**Task item**
Your job with the data below: print everything from the line that holds "Renault Sandero Vibe Flex 1.0 12V 5P 2018" down to the line that holds "FRENCH AVENUE - VULCAN", ends included, exactly, and nothing else.

**Given records**
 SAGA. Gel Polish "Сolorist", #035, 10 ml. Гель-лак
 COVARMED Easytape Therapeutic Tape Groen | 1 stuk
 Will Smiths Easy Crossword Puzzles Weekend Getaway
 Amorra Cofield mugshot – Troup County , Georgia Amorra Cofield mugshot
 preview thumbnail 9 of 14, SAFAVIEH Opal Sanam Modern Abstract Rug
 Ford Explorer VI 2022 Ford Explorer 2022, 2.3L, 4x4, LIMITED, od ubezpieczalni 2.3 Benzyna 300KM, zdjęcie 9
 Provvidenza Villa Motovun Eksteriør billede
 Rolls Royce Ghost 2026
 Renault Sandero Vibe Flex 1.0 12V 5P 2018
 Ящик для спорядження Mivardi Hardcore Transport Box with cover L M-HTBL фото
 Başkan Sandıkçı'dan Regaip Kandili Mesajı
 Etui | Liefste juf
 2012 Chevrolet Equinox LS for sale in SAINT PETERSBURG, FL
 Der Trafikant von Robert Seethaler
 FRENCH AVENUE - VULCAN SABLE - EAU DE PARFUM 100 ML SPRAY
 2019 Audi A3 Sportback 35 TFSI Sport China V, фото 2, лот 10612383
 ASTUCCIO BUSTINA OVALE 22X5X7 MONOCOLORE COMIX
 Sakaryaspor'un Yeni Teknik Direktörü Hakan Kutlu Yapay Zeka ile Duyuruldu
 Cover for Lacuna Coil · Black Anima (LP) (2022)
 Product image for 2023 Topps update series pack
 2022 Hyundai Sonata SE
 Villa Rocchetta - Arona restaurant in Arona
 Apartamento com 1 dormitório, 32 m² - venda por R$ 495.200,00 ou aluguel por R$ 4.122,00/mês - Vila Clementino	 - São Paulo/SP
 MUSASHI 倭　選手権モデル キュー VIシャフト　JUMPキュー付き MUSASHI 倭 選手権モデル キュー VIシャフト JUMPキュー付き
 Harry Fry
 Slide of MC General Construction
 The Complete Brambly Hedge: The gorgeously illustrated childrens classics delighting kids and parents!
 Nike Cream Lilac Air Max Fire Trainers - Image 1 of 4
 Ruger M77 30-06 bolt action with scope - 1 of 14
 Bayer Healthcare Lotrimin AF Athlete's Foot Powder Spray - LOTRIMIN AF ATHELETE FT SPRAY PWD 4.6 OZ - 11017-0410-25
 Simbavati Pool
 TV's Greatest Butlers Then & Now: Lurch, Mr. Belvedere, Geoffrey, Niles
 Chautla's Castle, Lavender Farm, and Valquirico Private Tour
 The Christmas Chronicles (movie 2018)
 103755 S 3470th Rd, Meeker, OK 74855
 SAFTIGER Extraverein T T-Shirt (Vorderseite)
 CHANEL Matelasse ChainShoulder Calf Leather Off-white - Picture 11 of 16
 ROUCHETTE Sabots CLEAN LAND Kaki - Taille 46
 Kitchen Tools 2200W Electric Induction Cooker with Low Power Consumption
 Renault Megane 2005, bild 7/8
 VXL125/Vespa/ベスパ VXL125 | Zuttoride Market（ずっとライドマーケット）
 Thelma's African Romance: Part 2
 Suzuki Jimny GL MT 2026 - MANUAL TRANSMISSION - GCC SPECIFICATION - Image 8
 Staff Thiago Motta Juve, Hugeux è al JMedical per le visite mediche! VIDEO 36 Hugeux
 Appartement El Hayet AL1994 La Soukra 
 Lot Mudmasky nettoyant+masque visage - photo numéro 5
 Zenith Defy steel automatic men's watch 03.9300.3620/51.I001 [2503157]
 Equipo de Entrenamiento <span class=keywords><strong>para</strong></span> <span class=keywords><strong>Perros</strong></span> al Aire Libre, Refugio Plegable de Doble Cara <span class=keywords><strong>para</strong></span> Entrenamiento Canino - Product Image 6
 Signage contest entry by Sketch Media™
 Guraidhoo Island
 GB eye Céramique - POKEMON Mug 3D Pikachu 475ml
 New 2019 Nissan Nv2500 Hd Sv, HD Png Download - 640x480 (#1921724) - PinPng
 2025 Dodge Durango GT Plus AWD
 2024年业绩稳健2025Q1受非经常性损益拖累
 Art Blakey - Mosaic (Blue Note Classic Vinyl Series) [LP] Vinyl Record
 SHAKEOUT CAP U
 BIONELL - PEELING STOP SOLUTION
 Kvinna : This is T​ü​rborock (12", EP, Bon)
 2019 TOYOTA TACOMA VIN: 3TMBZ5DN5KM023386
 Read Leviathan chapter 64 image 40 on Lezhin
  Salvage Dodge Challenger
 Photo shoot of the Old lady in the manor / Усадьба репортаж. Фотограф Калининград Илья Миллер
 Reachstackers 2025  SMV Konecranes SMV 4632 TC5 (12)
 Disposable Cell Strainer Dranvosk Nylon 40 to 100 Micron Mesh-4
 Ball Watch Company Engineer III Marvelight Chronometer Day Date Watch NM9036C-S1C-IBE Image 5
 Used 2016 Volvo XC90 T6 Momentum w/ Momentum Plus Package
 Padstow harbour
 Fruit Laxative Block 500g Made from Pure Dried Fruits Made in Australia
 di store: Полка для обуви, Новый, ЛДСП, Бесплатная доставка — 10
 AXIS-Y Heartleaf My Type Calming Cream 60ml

**Your response**
 Renault Sandero Vibe Flex 1.0 12V 5P 2018
 Ящик для спорядження Mivardi Hardcore Transport Box with cover L M-HTBL фото
 Başkan Sandıkçı'dan Regaip Kandili Mesajı
 Etui | Liefste juf
 2012 Chevrolet Equinox LS for sale in SAINT PETERSBURG, FL
 Der Trafikant von Robert Seethaler
 FRENCH AVENUE - VULCAN SABLE - EAU DE PARFUM 100 ML SPRAY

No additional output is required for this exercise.